Theo’s reinvention of the logic off conditional statements’ proofs rooted in set-based reasoning
Summary: In this talk, I will share how one undergraduate student used set-based reasoning to reinvent logical principles related to conditional statements and their proofs. This learning occurred in a teaching experiment intended to foster abstraction of these logical relationships by comparing the predicate and inference structures among various proofs (in number theory and geometry). I will portray the progression of Theo’s set-based model from a model-of the truth of statements to a model-for logical relationships. I will connect this to our ongoing design efforts for teaching logic for proving.
Duration: 60 minutes
Format: Online seminar via Zoom web meeting software with questions and discussion. Detailed instructions for joining the seminar will be emailed to registered participants.

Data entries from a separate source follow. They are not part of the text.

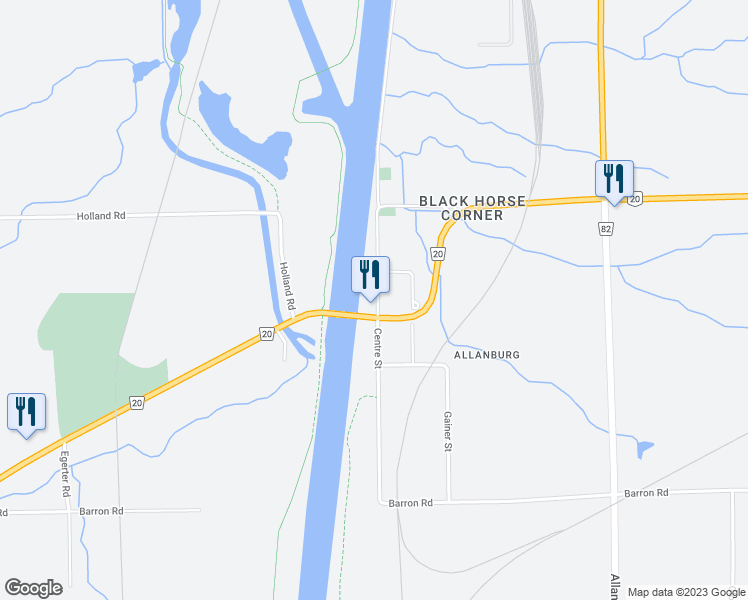 map of restaurants, bars, coffee shops, grocery stores, and more near 2331 Centre Street in Thorold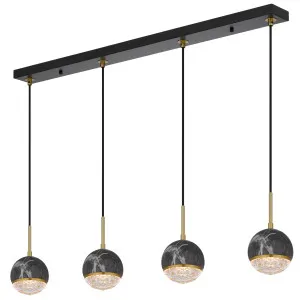 Telbix Oneta 4 Light Bar Pendant Black by Telbix, a Pendant Lighting for sale on Style Sourcebook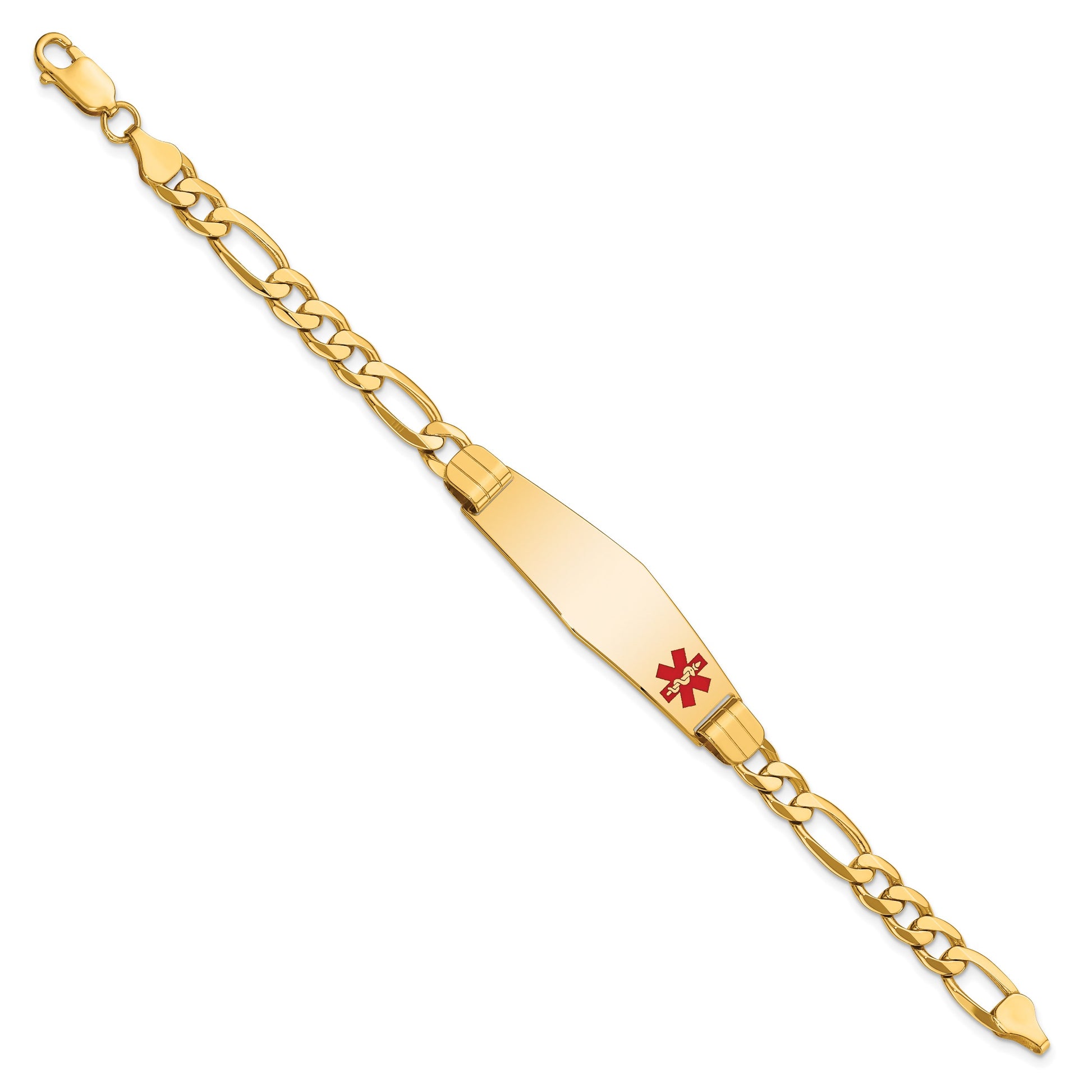 14K Medical Solid Chain/Solid Plate Soft Diamond Shape 39x12mm Off-Center Red Enamel Flat Figaro Link 8 inch ID Bracelet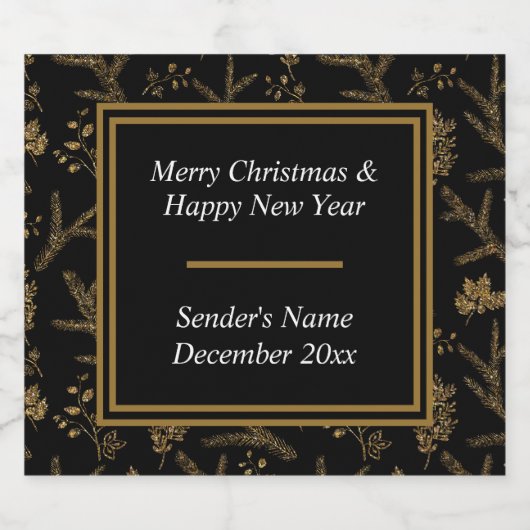 Sparkle Elegant Zwart Goud Vakantie Luxe Vibe Likeurfles Etiket (Enkel label)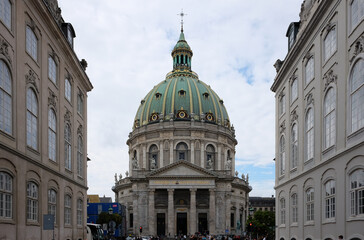 Fototapeta na wymiar Dome of Frederik’s Church in Copenhagen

Dr. Paul Dawkins is an associate professor of mathematics education in the Department of Mathematics at Texas State University. He studies the teaching and learning of proof-based mathematics at the undergraduate level. He focuses particularly on real analysis, geometry, and logic. His teaching experiments focus on modeling student thinking about mathematical proofs and developing teaching sequences and learning trajectories by which students can learn the epistemology of mathematical proving. He recently received the Selden Award for research in undergraduate mathematics education from the Mathematics Association of America.